Step 1 — Compression Reduces Bytes Over the Wire

gzip compression transforms a 50KB JSON response into approximately 5KB by replacing repeated patterns with compact references. The client decompresses it in under 1ms. For JSON APIs, compression ratios of 10:1 are common because JSON has many repeated field names and structural characters. The CPU cost of compression (a few milliseconds) is almost always worth the network savings, especially for mobile clients or slow connections.

Step 2 — Cache-Aside Pattern: Check, Fetch, Store

The most common caching strategy: check if the data is in Redis. If it is, return it immediately (1-2ms). If not, fetch from MongoDB (20-50ms), store the result in Redis with a TTL, then return it. The TTL ensures stale data eventually expires. The invalidation on mutation (deleting the cache key when data changes) ensures freshness for write operations. This pattern is simple to implement and effective for read-heavy endpoints.

Step 3 — ETags Enable Efficient Conditional Requests

When a client receives a response with an ETag header, it stores the tag with the cached response. On the next request for the same resource, it sends If-None-Match: "etag-value". The server computes the ETag of the current data and compares — if they match, returns 304 Not Modified with no body (a few bytes). The client uses its cached copy. This is most valuable for large, rarely-changing responses like user profiles or configuration data.
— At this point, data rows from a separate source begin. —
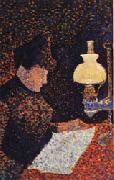 Paul Signac Woman by Lamplight Norge oil painting reproduction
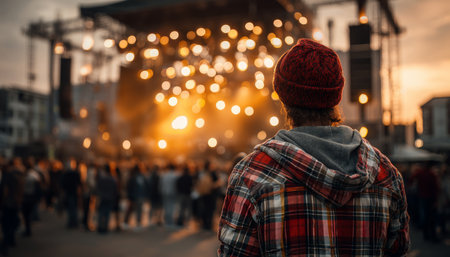 Vibrant music festival scene with bright lights, an energetic crowd, and an exciting stage.の素材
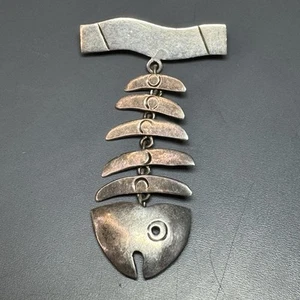 Spilla pesce articolato argento sterling vintage Messico Taxco - Foto 1 di 8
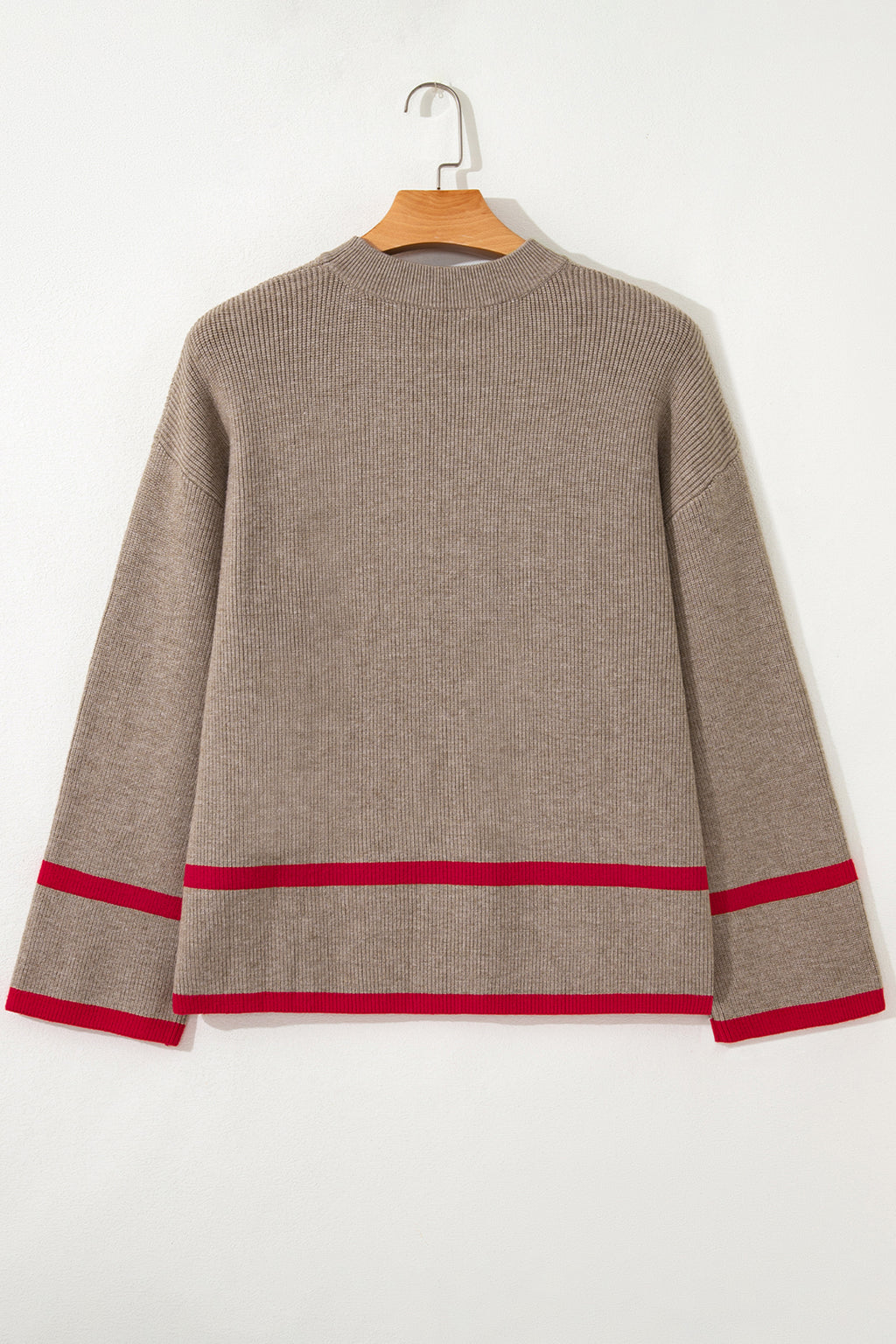 Simply Taupe Ribbed Knit Contrasted Stripe Detail Button Side Loose Sweater Online Only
Step 4 — Connection Pooling Eliminates Per-Request Connection Overhead

Creating a new TCP connection to MongoDB for each request takes 50-200ms. A connection pool maintains a set of pre-established connections. When a request needs to query MongoDB, it borrows a connection from the pool (microseconds), executes the query, and returns the connection. The pool ensures connections are reused rather than recreated, eliminating connection establishment overhead from every request’s critical path.

Step 5 — Response Time Monitoring Identifies Bottlenecks

Logging response times with X-Response-Time headers and alerting on slow requests creates a feedback loop. When a new code path or query runs slowly under production load, the slow request log reveals it within minutes. Combined with MongoDB’s explain plans and Node.js profiling tools, response time monitoring is the first step in every performance investigation.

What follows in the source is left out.